I'm putting together a TCPServer in Ruby 3.0.2 and I'm finding that I can't seem to read the entire packet without blocking (until the socket is closed).
Edit: There was some confusion on what I was trying to do - my bad - so just to help clarify: I wanted to read everything that had been sent over the TCP connection so far. (end edit)
My first try was:
#!/snap/bin/ruby
require 'socket'
server = TCPServer.new('localhost', 4200)
loop {
Thread.start(server.accept) do |connection|
puts connection.gets # The important line
end
}
But that hangs until the client closes the connection. Okay, so I take a look at connection.methods
, and the ruby docs and try a bunch of options that seem promising. Basically, there is two types of read methods: blocking and nonblocking.

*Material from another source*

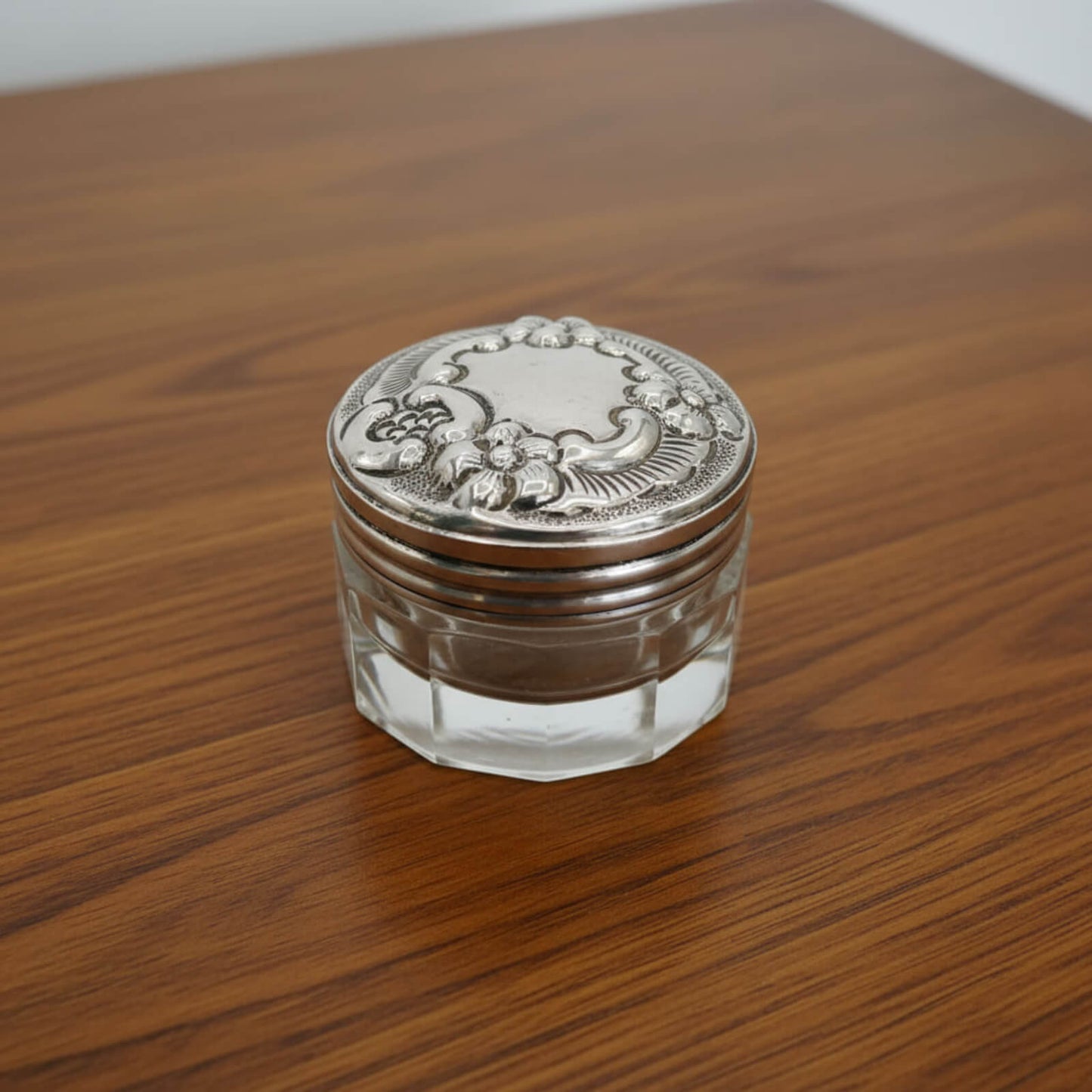 Decorative glass jar with silver lid on a wooden surface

The blocking methods that I tried are .read
, .gets
, .readlines
, .readline
, .recv
, and .recvmsg
. Now .read
, .readlines
, and .gets
all hang (until the socket is closed) - so that's not helpful. The other ones (eg. .readline
, the recv
methods) don't read the entire message. Now, I could read each line until I see an empty line and parse the HTTP header from there. But there's got to be a better way; I don't want to have to worry about getting a corrupted message and hanging because I didn't read an empty line at the end of the header.

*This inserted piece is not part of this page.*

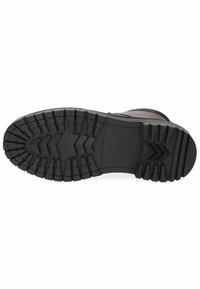 Zwarte rubberen outsole met multidirectionele loopprofielen, voorzien van verhoogde secties voor grip en een glad centraal gebied.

So I went looking at the non-blocking options. Specifically .recv_nonblock
and .recvmsg_nonblock
. Both of these throw errors (Resource temporarily unavailable - recvfrom(2) would block and Resource temporarily unavailable - recvmsg(2) respectively).

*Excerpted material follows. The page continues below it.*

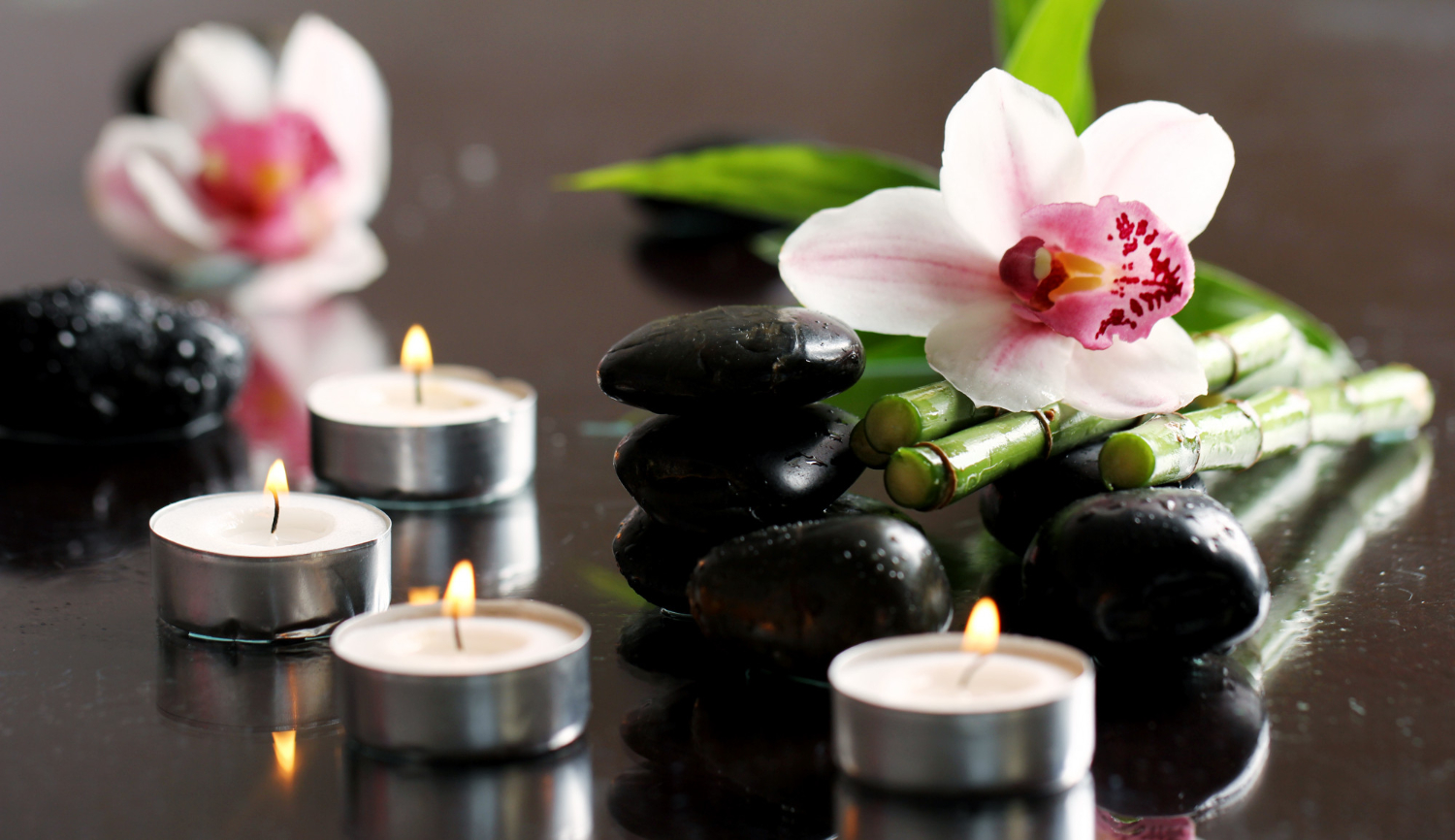 spa wellness massage stones flowers wooden tablecloth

Any ideas on what could be going on? I think it has something to with me using Ruby 3, because trying out the code on Ruby 2.5, client.gets
returns a line (doesn't hang), although .readlines
does hang - so not sure what's going on.
Ideally, I could just call something along the lines of client.get_message
and I would get the entire message that has been sent, but I'd also be okay with working at the TCP level and getting the packet size, reading that size, and reconstructing the message from there.